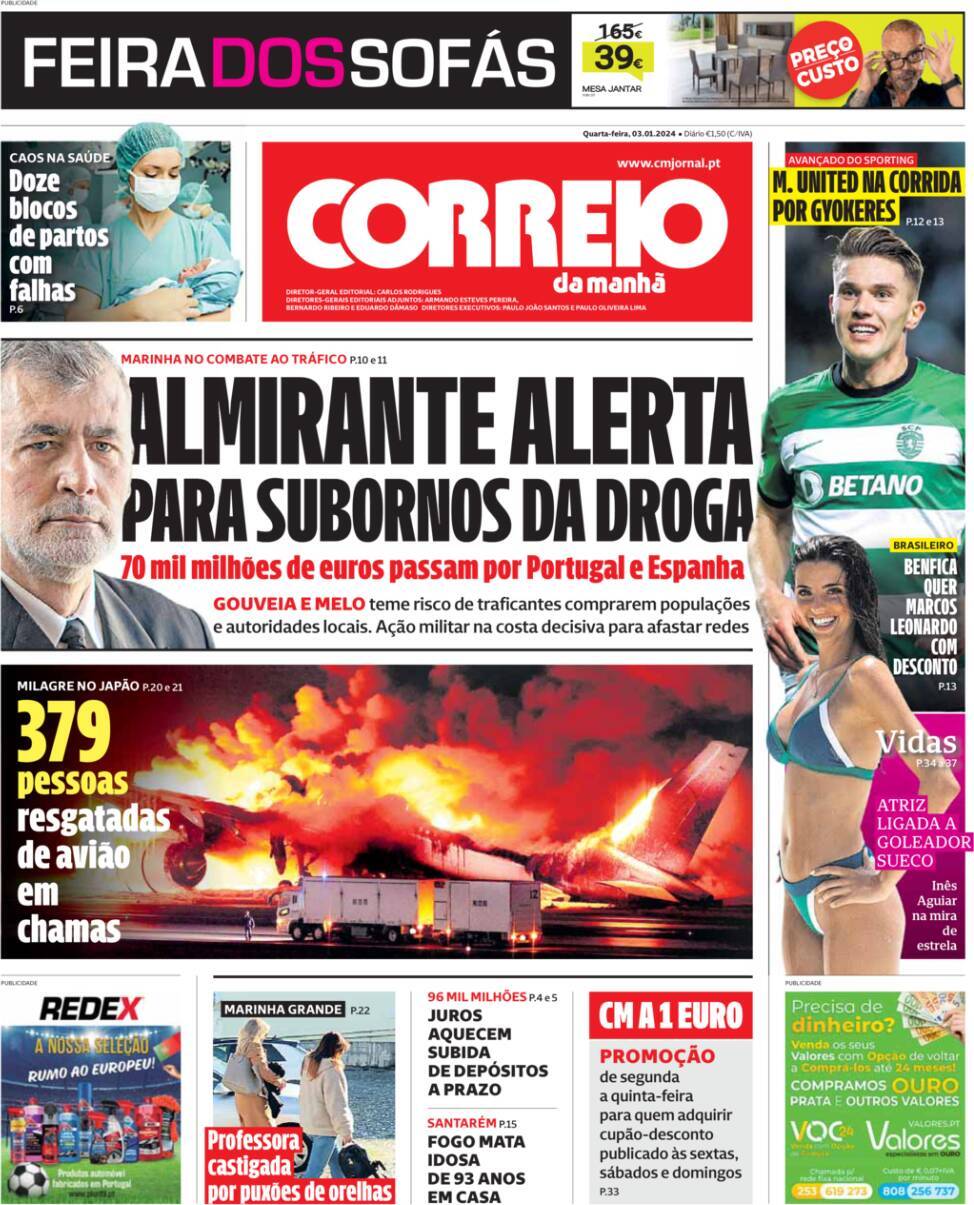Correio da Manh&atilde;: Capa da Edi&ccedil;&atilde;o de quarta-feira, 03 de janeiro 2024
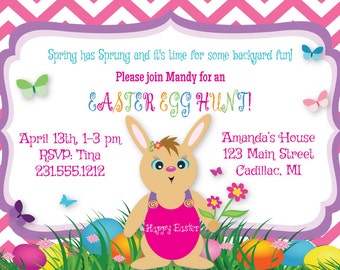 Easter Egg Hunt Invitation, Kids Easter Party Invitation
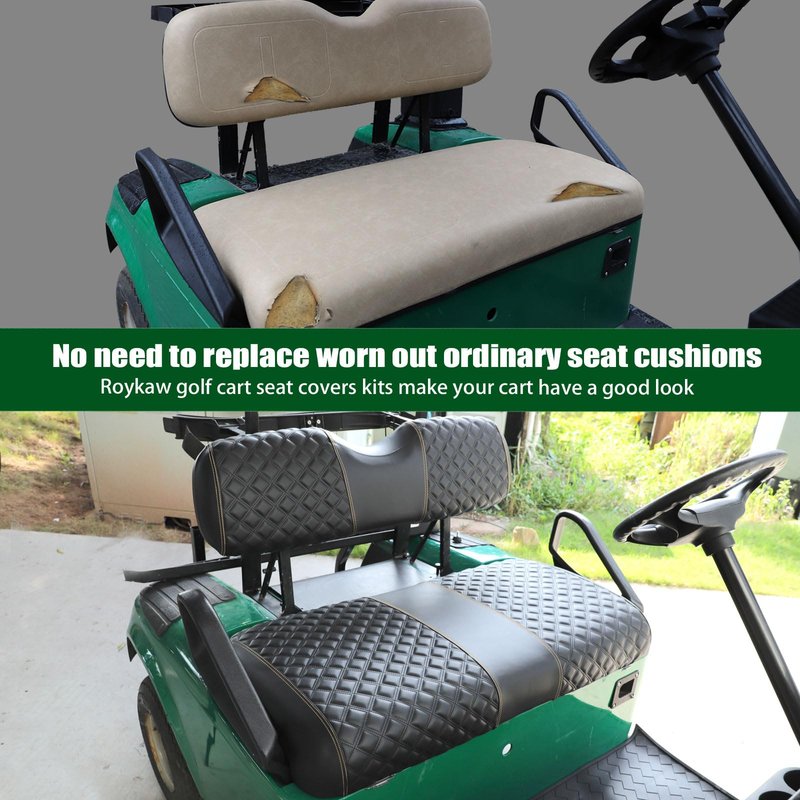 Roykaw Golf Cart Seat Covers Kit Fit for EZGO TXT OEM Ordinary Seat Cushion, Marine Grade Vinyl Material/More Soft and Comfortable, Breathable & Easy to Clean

◆ **Required work**:
Copy the whole listing exactly, excluding the pictures in it.

◆ **Answer to the problem**:
Correio da Manh&atilde;: Capa da Edi&ccedil;&atilde;o de quarta-feira, 03 de janeiro 2024
 Easter Egg Hunt Invitation, Kids Easter Party Invitation
 Roykaw Golf Cart Seat Covers Kit Fit for EZGO TXT OEM Ordinary Seat Cushion, Marine Grade Vinyl Material/More Soft and Comfortable, Breathable & Easy to Clean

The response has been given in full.